O filósofo e escritor francês esteve em Lisboa para apresentar Deixe-se de merdas e comece a viver. Não, não é mais um livro de auto-ajuda: é uma lição para quem se quer libertar da pressão e da culpa, e para quem quer entender o burn out. No hotel Valverde, em Lisboa, e com duas chávenas de infusão de verbena à mesa, conversou com a Máxima sobre uma mudança de pensamento que é urgente, e que bebe influência dos grandes filósofos do séc. XX.
Toda a gente tem sempre alguma coisa a dizer sobre como devemos sentir, pensar ou estar, sobretudo se for o caso de estarmos num dia mais negativo. É disso que fala, em primeiro lugar, no seu livro Deixe-se de merdas e comece a viver [Planeta Editora]?

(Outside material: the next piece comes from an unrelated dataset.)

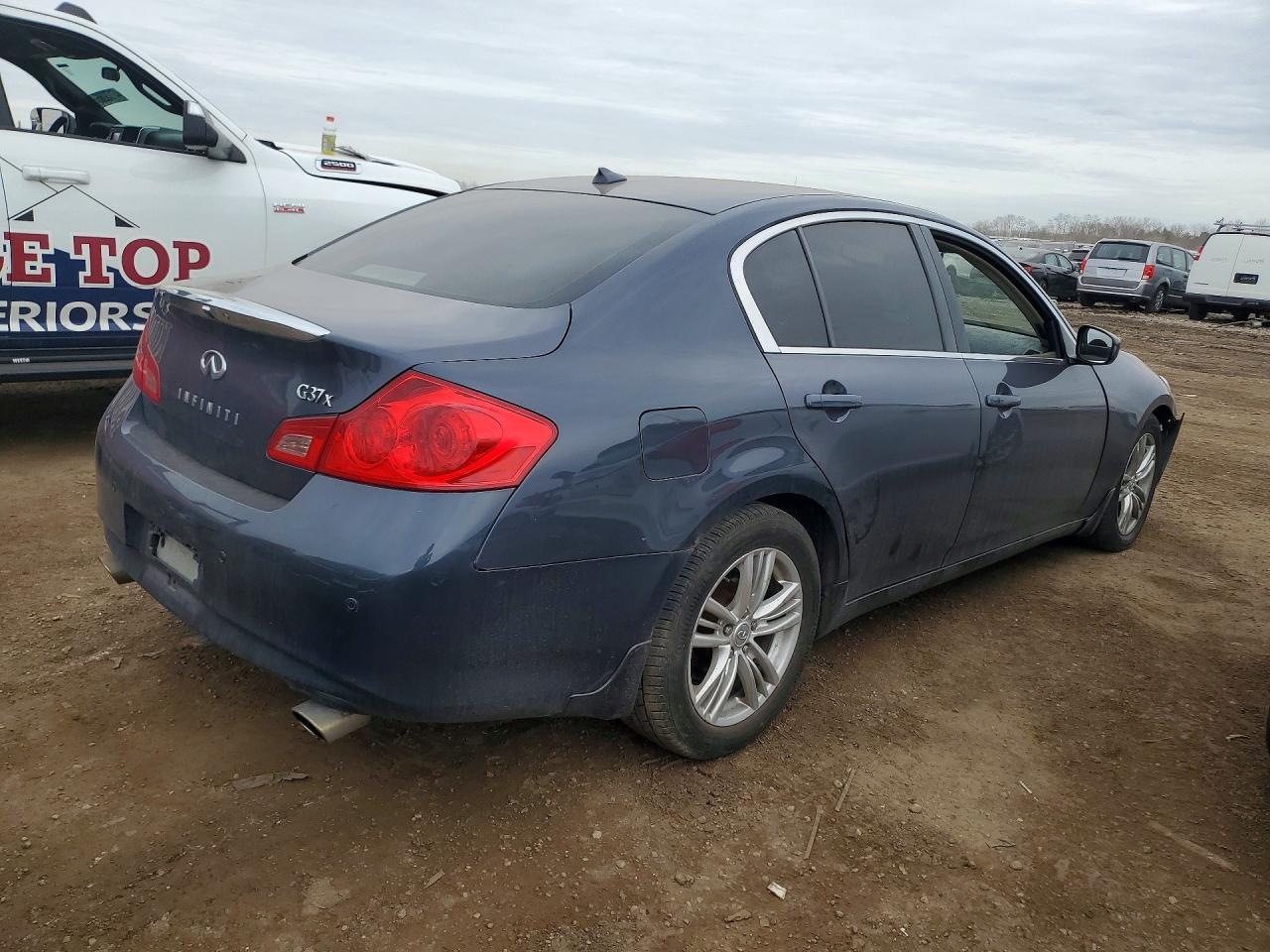 2011 INFINITI G37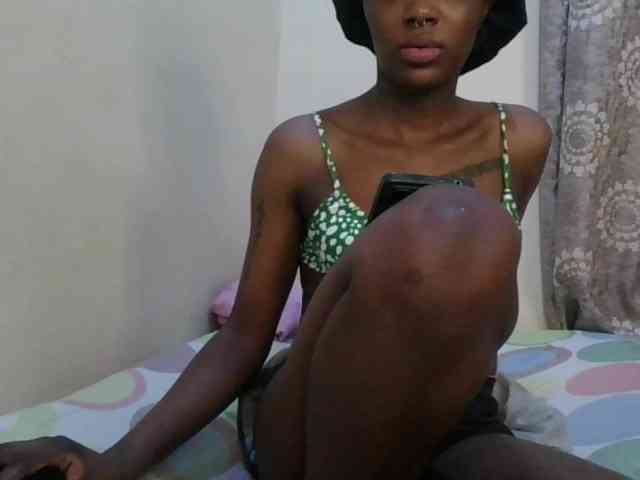 Girlnextdoor8 webcam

Como filósofo tento entender o sofrimento das pessoas, que vai mudando de tempos para tempos. Eu percebi que – no nosso tempo – o problema é a pressão para sermos perfeitos a todo o momento. Como se fossemos robots, feitos a partir de inteligência artificial. As pessoas sentem culpa. Todos os estudos apontam para o crescimento do stress e do burn out. Descobri que a forma como abordamos esses problemas é completamente forçada e pouco auxiliar. Não adianta dizer às pessoas como "tens de te acalmar", "deves fazer meditação e tornar-te zen". Dessa maneira, estamos a dizer-lhes que a culpa é delas, que não estão a esforçar-se o suficiente, não são boas o suficiente. A minha convicção que isto funciona ao contrário: precisamos de descontrair, deixar de nos importar tanto com o trabalho. Há uma série de coisas que, de repente, temos de controlar e melhorar. Os nossos trabalhos, as nossas relações, as nossas emoções, os nossos filhos. É desgastante e deixamos de viver. O que faz a vida ser fantástica é vivê-la, com tudo isso acarreta. O meu livro quer fazer o switch, dar a volta a essa mentalidade, dizer: deixe-se de merdas.

Há muitos problemas que começam no trabalho? Será que esta geração é mais dedicada ao trabalho do que a anterior, mais doméstica?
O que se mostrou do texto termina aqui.